EXTRACTED INFORMATION:
○ ○ ○ ○

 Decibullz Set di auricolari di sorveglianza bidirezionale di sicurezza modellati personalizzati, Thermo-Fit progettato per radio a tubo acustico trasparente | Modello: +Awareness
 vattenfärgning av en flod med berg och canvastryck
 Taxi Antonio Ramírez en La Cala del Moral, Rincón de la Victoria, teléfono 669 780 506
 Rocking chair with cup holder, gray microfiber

○ ○ ○ ○

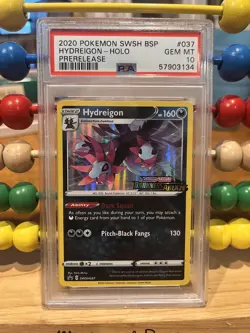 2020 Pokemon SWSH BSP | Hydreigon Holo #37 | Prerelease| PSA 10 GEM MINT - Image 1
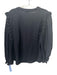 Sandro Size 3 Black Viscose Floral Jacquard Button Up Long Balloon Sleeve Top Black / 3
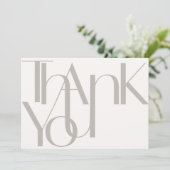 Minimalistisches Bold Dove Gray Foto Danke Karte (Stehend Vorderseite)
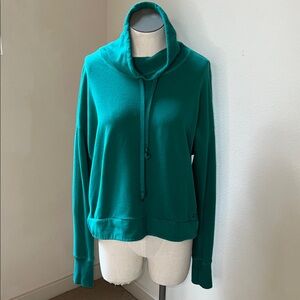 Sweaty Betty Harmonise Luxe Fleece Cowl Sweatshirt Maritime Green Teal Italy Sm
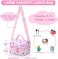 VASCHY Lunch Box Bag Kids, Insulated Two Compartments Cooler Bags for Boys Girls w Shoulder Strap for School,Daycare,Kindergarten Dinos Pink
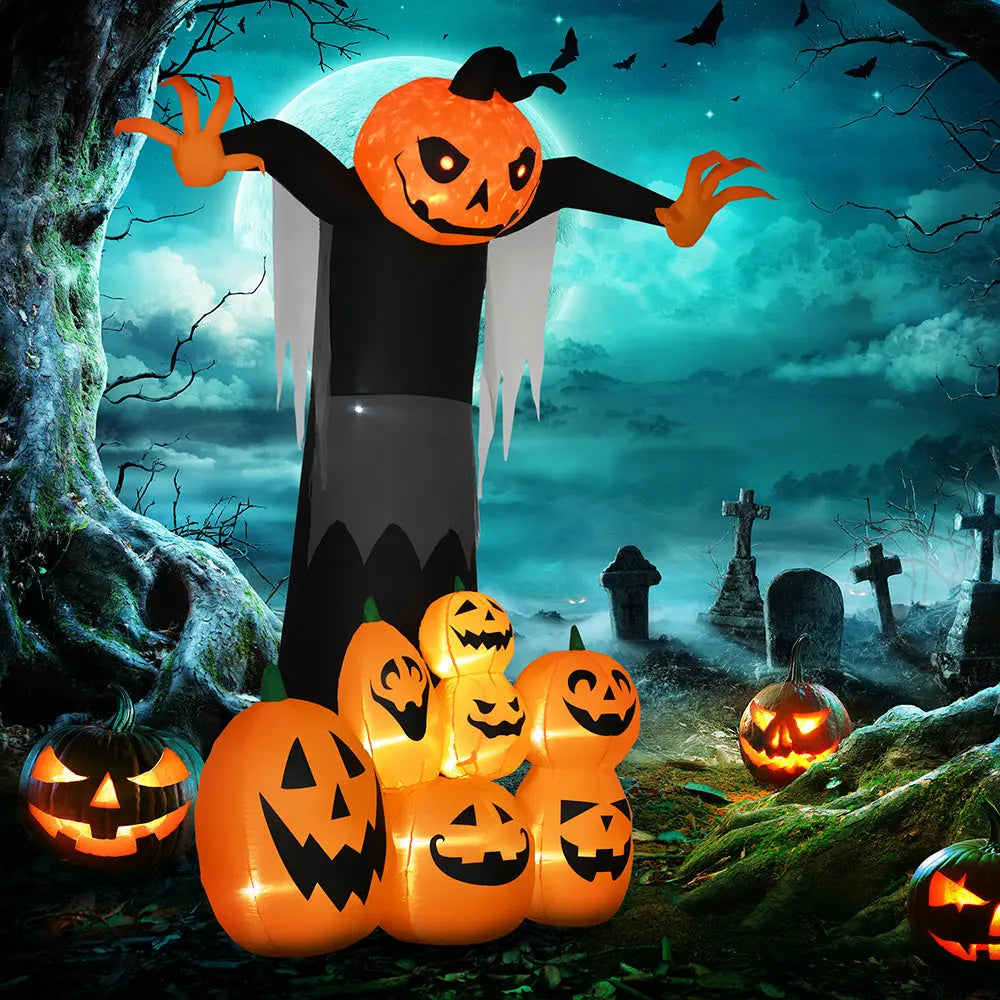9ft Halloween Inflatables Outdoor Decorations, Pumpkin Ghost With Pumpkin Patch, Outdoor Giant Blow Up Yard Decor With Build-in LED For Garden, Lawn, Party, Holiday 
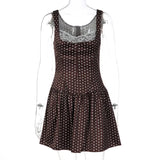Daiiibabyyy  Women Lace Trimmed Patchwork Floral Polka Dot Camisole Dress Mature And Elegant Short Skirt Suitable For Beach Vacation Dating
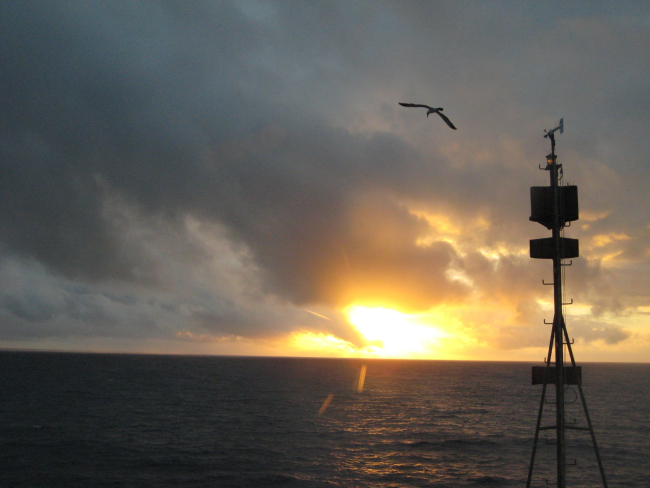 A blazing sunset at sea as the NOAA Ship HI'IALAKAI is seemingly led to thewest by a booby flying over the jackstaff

○ ○ ○ ○

REQUIRED WORK:
Given the records above, return the lines starting at the one that holds "VASCHY Lunch Box" and ending at the one that holds "A blazing sunset", exactly, and nothing besides; leave every picture out.

ANSWER TO THIS EXERCISE:
 VASCHY Lunch Box Bag Kids, Insulated Two Compartments Cooler Bags for Boys Girls w Shoulder Strap for School,Daycare,Kindergarten Dinos Pink
9ft Halloween Inflatables Outdoor Decorations, Pumpkin Ghost With Pumpkin Patch, Outdoor Giant Blow Up Yard Decor With Build-in LED For Garden, Lawn, Party, Holiday 
Daiiibabyyy  Women Lace Trimmed Patchwork Floral Polka Dot Camisole Dress Mature And Elegant Short Skirt Suitable For Beach Vacation Dating
 A blazing sunset at sea as the NOAA Ship HI'IALAKAI is seemingly led to thewest by a booby flying over the jackstaff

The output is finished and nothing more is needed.